I would add a couple of points and ask a question.

  1 I work against a stop, rather than between stops, so the board is 
free to move during planing. This requires that the ends be close to 
square to the length first. It also means that the sides have to be 
roughly square to the faces.

  2 I would cut the boards down to the rough length first - long 
boards are harder to plane than shorter boards.

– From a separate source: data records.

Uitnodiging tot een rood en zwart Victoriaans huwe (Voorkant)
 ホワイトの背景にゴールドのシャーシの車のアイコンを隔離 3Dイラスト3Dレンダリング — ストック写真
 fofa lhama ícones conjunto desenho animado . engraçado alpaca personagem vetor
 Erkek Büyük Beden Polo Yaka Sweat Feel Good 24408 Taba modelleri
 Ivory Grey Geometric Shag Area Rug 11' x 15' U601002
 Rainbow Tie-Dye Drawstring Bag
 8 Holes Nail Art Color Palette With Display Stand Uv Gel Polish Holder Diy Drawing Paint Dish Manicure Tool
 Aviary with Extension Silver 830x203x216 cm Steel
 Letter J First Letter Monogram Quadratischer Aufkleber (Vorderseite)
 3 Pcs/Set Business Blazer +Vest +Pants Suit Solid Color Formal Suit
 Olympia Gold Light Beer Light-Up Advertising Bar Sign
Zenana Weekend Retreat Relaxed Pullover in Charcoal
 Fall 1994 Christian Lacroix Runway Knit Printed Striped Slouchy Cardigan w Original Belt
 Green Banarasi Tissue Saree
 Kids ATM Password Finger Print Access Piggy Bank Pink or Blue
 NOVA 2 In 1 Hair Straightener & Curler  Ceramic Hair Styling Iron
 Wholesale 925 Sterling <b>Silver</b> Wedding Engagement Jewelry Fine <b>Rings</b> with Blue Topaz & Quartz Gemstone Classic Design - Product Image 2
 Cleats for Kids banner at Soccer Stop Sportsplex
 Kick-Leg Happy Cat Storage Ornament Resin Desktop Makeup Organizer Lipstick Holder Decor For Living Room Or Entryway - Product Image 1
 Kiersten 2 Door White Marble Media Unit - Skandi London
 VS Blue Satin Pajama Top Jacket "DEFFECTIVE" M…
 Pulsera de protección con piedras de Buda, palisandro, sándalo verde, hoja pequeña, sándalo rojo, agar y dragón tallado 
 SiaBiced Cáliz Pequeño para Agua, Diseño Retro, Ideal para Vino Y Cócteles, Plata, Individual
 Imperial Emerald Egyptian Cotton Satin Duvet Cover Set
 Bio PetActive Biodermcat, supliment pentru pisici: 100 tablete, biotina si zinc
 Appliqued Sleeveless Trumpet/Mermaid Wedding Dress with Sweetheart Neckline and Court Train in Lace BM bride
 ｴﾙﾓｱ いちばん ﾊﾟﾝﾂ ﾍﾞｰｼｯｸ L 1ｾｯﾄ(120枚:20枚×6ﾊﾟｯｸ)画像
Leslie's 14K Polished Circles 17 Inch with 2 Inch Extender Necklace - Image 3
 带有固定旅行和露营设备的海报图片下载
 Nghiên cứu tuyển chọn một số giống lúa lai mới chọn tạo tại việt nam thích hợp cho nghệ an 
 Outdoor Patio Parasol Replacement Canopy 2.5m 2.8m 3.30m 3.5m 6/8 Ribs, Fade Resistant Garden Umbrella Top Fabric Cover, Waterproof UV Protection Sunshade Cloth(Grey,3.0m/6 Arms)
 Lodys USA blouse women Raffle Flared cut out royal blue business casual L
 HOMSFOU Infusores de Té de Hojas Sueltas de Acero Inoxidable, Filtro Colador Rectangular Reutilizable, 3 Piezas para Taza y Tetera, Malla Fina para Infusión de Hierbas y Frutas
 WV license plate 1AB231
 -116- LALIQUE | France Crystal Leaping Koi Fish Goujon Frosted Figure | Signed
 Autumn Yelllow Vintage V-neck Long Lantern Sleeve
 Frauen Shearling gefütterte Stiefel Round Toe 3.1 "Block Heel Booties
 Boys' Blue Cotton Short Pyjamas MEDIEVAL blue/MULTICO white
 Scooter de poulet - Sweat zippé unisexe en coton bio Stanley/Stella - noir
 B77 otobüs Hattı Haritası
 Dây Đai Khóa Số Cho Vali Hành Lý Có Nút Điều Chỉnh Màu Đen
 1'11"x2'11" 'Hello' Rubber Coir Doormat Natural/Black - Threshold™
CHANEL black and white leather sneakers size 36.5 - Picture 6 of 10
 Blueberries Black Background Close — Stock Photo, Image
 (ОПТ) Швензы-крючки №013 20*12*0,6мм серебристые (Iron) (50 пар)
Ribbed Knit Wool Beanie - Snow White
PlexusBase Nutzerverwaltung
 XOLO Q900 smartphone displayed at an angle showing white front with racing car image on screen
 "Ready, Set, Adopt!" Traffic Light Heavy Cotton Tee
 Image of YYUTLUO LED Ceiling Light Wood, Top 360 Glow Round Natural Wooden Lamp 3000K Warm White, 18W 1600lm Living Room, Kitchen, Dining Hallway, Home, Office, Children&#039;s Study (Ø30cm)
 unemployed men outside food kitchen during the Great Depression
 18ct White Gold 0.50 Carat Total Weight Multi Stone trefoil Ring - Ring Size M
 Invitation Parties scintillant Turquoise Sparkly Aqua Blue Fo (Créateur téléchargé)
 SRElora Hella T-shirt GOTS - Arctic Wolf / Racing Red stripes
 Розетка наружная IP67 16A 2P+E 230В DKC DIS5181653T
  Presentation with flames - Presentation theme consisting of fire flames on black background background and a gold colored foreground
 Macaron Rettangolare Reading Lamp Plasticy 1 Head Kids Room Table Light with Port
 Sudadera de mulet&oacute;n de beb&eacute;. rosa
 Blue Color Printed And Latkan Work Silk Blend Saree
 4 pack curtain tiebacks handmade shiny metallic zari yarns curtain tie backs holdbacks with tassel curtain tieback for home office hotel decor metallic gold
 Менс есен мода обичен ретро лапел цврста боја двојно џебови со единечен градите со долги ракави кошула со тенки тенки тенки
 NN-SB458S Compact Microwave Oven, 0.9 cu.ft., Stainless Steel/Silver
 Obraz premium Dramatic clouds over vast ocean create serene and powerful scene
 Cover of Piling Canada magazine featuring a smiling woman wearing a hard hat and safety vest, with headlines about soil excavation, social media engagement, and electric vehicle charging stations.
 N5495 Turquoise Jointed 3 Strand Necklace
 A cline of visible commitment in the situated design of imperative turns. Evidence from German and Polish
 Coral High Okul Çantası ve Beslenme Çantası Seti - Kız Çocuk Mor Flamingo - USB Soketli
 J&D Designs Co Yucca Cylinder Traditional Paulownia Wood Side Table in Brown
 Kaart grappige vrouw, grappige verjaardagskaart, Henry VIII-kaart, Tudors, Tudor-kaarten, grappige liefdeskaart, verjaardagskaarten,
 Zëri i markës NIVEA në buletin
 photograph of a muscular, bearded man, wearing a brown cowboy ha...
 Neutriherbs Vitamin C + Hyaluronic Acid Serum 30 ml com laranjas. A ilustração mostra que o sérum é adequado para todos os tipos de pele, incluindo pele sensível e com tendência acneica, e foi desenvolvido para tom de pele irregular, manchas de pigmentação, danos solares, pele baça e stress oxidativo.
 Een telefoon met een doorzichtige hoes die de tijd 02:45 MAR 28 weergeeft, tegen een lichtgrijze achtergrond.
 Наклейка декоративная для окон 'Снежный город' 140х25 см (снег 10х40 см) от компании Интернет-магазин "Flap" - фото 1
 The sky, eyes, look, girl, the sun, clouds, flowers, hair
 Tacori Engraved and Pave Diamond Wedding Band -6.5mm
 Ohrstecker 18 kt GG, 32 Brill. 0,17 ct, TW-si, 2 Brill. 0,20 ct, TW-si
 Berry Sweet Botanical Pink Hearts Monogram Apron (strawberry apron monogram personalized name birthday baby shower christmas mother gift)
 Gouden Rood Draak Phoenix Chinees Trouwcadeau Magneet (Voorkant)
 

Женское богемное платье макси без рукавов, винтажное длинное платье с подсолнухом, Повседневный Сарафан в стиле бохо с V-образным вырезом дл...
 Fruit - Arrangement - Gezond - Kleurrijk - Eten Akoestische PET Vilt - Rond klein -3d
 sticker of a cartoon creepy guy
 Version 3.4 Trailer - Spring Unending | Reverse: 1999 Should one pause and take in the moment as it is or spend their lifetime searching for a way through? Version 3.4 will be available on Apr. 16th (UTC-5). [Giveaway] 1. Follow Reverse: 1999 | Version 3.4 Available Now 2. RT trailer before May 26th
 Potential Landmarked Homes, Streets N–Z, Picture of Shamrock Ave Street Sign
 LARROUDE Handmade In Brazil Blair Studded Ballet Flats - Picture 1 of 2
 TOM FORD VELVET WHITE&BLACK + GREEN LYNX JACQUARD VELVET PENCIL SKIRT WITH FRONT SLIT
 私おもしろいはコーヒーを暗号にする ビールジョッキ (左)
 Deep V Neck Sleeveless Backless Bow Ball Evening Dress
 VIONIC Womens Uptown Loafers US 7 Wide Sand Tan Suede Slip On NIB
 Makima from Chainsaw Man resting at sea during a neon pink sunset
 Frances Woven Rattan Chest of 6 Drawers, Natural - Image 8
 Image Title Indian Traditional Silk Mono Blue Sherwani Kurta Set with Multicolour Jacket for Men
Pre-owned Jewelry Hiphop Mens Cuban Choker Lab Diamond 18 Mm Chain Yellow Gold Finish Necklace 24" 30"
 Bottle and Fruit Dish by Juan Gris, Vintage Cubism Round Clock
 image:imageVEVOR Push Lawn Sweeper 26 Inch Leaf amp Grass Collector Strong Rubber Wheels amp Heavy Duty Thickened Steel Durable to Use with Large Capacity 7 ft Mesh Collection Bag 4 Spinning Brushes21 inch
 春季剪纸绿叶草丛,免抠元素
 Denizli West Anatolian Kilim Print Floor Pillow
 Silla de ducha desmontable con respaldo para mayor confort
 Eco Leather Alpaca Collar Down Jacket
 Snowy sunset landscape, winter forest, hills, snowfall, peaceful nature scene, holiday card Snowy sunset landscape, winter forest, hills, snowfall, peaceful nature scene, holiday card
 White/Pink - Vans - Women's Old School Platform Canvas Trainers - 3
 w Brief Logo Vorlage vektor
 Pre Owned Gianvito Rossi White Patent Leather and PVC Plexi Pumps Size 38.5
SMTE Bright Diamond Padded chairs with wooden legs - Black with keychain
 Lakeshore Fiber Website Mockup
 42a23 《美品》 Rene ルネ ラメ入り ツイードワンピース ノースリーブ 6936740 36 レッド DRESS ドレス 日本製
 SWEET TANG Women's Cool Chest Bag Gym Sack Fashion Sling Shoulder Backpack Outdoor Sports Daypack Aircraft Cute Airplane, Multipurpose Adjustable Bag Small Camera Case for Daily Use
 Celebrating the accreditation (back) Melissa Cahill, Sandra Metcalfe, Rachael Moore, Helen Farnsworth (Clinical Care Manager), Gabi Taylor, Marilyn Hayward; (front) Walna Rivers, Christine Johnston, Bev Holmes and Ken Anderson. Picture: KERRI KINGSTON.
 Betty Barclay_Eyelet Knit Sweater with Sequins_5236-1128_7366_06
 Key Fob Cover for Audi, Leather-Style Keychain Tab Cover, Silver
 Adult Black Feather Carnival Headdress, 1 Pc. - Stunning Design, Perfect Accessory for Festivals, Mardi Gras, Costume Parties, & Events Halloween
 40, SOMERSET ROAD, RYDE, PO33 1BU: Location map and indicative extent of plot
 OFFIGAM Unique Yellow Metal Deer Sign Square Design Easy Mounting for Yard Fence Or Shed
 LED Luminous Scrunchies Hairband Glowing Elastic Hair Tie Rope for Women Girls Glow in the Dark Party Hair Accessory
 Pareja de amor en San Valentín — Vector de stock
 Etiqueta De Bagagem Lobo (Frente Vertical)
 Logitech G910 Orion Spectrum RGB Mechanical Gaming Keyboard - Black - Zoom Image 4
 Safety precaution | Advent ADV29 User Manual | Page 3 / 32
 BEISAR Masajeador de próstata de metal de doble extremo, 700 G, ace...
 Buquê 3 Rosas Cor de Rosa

  3 I prefer to do each step (as outlined by Tom) to all the boards 
before moving on to the next step.

  4 The question. Do people use the mullet method? It seems to me that 
having a good line on the edge and planing down to that line is much 
better. I work the scrub to a few scrub thickness of the line, then 
the jack to a few jack shavings of the line, then the smoother. The 
last smoother stroke removes the top of the mark (an ideal I shoot 
for, but never achieve for the full length of the board, but at this 
point the shavings are pretty thin so the errors small.) Near the end 
I can flip up the board and see how I am doing along the full length 
and react (remove the high spots) accordingly. If the first thing you 
do is remove the gauge marks it seems to me it must be much harder to 
check your progress.

Aside from the big ideas in dimensions stock (face, edge, ...) I think 
some of these smaller ideas are also important and would be interested 
  in other's approaches to these details.

Brent

T&J Holloway wrote:
> ...
>     1) Make one Face of the board flat and smooth.  This becomes the 1st 
> ...
>     Others can chime in regarding use of a 'mullet' to check thickness 
> and other ancient practices, but this should give you a place to start.